Hi! For this kernel, I am doing EDA on the [NY Shootings Dataset](https://www.kaggle.com/thaddeussegura/new-york-city-shooting-dataset), shared by Thaddeus Segura on Kaggle. The dataset covers the period from 2006 to 2019, and the source is NYC OpenData. As I don't live in New York, I was wondering how violent was the city, if some neighborhoods or type of persons are most affected, and if I could identify some patterns for shooting incidents over time.

I am planning to add new graphs regularly, and maybe analyze other datasets related to the main one, so feel free to go back to this notebook to see what I have added !

## Table of Contents

0. [Data and Libraries](#data-libraries)
1. [Shootings over time](#shootings-over-time)
2. [Annual Patterns](#annual-patterns)
3. [Weekly Patterns](#weekly-patterns)
4. [Hourly Patterns](#hourly-patterns)
5. [Geographical Locations](#geographical-locations)
6. [Places prone to shootings](#places-of-shootings)
7. [Analysis of the shooter identity](#shooter-identity)
8. [Analysis of the victim identity](#victim-identity)

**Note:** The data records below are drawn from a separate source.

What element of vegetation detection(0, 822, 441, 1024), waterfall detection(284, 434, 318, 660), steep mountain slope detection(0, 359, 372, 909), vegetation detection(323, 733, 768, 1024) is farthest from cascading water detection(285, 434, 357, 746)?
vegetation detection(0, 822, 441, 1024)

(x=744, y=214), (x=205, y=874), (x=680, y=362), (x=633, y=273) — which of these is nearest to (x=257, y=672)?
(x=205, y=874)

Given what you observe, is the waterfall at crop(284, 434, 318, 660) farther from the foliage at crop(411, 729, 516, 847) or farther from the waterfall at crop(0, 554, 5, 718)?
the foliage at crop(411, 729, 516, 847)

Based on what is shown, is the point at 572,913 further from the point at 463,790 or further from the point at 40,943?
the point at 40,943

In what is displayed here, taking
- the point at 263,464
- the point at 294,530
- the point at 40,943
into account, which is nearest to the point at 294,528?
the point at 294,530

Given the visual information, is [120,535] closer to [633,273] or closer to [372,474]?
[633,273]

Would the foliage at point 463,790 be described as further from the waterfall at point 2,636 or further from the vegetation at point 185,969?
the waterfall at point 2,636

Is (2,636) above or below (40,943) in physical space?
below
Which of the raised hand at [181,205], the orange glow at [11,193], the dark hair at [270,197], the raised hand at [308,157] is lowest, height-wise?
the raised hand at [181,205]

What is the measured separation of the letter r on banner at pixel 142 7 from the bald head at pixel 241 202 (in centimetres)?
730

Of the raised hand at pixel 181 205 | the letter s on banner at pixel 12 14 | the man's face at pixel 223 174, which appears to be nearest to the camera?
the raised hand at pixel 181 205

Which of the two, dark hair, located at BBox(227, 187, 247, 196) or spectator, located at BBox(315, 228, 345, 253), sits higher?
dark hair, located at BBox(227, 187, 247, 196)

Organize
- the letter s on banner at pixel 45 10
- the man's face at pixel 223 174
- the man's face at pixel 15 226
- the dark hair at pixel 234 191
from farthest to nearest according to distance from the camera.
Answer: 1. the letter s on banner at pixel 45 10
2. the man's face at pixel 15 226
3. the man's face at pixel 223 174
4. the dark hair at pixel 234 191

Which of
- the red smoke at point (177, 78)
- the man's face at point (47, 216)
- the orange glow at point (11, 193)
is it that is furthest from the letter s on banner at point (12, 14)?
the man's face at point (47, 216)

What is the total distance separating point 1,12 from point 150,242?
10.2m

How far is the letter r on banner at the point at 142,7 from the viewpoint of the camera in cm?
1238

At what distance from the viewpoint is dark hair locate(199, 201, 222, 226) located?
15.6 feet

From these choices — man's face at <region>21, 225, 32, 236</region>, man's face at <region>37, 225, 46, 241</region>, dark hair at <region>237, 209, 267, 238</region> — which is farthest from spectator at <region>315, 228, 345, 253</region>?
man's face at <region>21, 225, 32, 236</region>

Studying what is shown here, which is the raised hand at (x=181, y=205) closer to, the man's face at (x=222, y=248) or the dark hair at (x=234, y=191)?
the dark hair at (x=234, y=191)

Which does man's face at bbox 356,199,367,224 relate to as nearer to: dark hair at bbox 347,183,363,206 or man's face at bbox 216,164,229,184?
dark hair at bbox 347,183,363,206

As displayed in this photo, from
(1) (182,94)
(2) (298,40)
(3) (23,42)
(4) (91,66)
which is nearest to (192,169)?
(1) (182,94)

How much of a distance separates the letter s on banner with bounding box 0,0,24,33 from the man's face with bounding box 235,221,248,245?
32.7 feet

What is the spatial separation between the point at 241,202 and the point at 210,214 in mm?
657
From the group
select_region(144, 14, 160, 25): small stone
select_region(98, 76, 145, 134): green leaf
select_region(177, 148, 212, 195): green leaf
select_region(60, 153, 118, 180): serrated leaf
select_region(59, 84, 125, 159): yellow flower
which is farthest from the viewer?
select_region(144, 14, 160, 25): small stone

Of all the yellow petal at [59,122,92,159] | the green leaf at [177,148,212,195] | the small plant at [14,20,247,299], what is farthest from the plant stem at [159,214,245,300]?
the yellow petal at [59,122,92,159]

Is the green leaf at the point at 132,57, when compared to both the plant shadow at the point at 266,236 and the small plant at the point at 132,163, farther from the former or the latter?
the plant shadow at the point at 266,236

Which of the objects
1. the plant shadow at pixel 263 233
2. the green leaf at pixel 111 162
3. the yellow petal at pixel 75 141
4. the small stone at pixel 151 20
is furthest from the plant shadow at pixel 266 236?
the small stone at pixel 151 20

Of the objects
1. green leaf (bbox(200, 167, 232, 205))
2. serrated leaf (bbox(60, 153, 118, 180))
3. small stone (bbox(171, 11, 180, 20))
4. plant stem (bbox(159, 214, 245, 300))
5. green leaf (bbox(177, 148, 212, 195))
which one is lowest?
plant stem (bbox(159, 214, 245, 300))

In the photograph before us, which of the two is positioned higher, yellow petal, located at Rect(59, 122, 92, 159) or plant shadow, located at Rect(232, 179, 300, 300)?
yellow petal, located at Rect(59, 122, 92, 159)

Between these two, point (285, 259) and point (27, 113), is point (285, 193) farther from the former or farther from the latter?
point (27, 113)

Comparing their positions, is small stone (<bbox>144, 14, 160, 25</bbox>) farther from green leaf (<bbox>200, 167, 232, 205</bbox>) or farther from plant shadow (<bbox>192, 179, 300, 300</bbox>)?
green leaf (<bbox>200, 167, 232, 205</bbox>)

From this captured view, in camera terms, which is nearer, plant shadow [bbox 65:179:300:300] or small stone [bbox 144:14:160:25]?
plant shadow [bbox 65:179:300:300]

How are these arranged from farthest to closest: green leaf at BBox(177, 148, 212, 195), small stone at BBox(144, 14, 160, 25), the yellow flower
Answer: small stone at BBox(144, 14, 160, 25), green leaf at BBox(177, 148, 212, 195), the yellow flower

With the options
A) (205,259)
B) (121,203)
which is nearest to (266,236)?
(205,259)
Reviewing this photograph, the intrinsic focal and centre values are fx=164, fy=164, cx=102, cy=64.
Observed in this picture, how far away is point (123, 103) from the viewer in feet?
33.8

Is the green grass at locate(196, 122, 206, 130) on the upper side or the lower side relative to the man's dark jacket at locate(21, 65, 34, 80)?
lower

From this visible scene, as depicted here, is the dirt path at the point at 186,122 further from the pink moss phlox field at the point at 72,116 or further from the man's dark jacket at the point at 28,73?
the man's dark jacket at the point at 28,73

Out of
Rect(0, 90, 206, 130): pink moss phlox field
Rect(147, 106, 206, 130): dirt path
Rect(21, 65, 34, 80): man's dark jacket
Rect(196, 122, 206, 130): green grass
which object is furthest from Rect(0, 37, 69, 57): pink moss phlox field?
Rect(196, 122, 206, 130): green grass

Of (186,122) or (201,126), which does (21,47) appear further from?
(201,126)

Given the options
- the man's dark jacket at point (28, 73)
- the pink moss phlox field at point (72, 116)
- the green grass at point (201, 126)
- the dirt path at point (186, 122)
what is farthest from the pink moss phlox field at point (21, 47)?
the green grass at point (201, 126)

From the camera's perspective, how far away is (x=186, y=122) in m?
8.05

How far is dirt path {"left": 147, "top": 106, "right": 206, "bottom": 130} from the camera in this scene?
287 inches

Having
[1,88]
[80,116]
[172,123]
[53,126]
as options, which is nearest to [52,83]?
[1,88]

<a id = 'data-libraries'></a>
# Data and Libraries

In [None]:
import numpy as np 
import pandas as pd
import matplotlib.pyplot as plt
%matplotlib inline
import seaborn as sns
from plotly.offline import download_plotlyjs, init_notebook_mode, plot, iplot
import plotly.graph_objs as go
from plotly.subplots import make_subplots
import plotly.express as px
import geopandas as gpd
import json
import shapely
import folium
init_notebook_mode(connected = True)

pd.set_option('display.max_colwidth', None)
pd.set_option('display.max_columns', None)

In [None]:
shootings = pd.read_csv('../input/new-york-city-shooting-dataset/NYPD_Shooting_Incident_Data__Historic_.csv')

In [None]:
# NY Precincts GeoJSON file, will be used in part IV
json_file_path = "../input/ny-police-precincts-geojson/Police Precincts.geojson"

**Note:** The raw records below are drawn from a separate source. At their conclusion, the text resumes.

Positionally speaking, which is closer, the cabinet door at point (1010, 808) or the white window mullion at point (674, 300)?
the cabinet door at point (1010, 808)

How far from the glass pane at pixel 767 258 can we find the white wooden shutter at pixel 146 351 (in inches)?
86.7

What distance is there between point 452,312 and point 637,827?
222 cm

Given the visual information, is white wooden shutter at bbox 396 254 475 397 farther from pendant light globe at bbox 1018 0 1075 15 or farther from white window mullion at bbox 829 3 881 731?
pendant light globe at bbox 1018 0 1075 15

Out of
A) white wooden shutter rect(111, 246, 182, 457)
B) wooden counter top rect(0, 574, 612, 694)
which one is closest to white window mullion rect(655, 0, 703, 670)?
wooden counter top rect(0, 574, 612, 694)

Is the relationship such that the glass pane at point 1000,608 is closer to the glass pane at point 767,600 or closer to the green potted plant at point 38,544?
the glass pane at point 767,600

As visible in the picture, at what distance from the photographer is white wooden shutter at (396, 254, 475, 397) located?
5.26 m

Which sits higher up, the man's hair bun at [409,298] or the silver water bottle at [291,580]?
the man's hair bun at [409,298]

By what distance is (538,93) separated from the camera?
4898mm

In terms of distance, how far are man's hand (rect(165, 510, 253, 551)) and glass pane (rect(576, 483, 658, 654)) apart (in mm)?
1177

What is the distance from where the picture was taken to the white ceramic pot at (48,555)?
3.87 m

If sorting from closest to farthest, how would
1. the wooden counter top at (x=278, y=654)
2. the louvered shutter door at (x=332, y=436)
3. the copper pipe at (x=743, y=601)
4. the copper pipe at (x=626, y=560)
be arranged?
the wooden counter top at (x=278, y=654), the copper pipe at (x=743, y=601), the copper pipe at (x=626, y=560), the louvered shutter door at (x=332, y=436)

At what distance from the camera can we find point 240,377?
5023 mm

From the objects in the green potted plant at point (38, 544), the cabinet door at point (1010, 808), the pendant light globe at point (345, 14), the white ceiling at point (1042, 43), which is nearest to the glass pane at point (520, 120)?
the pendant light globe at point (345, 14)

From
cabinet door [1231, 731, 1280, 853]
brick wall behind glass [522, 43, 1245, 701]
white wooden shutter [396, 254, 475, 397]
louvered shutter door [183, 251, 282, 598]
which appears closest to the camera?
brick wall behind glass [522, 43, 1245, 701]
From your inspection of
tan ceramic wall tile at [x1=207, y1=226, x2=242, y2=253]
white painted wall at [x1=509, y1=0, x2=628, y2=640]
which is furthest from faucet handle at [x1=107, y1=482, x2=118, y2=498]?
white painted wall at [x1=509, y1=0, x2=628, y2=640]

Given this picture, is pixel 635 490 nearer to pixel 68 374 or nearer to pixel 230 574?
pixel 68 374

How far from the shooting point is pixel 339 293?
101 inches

with open(json_file_path, 'r') as j:
     precincts = json.loads(j.read())

In [None]:
shootings['date'] = pd.to_datetime(shootings['OCCUR_DATE'])
shootings['year'] = shootings['date'].dt.year
shootings['month'] = shootings['date'].dt.month
shootings['month_str'] = shootings['date'].dt.month_name()
shootings['day'] = shootings['date'].dt.day
shootings['weekdays'] = shootings['date'].dt.strftime('%A')  
shootings['hour'] = shootings['OCCUR_TIME'].apply(lambda date : int(date.split(':')[0]))

In [None]:
shootings.head()

<a id = 'shootings-over-time'></a>
# I - Shootings over time


In [None]:
monthly_df=shootings['date'].groupby(shootings.date.dt.to_period("M")).agg('count').to_frame(name="count").reset_index()
monthly_df['fatal shootings'] = shootings.groupby(shootings.date.dt.to_period("M")).agg('sum').reset_index()['STATISTICAL_MURDER_FLAG']
month_year=[]
for i in monthly_df['date']:
    month_year.append(str(i))

In [None]:
fig = go.Figure()

fig.add_trace(go.Scatter(
    x= month_year,
    y= monthly_df['count'],
    name="Monthly Shootings",
    mode='lines'))
fig.add_trace(go.Scatter(
    x= month_year,
    y= monthly_df['fatal shootings'],
    name="Monthly Fatal Shootings",
    mode='lines'))

fig.update_layout(title='Shootings in New York (2006-2019)') 
fig.update_xaxes(title_text="Years", showline=True, linewidth=2, linecolor='black', mirror=True)
fig.update_yaxes(title_text="Number of Shootings", showline=True, linewidth=2, linecolor='black', mirror=True)

fig.show()

### Observations

- We observe seasonal shooting peaks during summer (July & August particularly), although those peaks are less pronounced after 2013, and seasonal lows in January, February and March. Maybe cold has an impact on people's violence ?
- The period 2006-2013 was way more violent than 2014-2019; it would be interesting to investigate what could have reduced the shootings count, but at least it is a good news!
- The number of fatal shootings stay between 5 and 50 per months, with the exception of July 2010, with 61 shootings that resulted in the death of the victim.
- Let's note that fatal shootings represent around 20% of the total.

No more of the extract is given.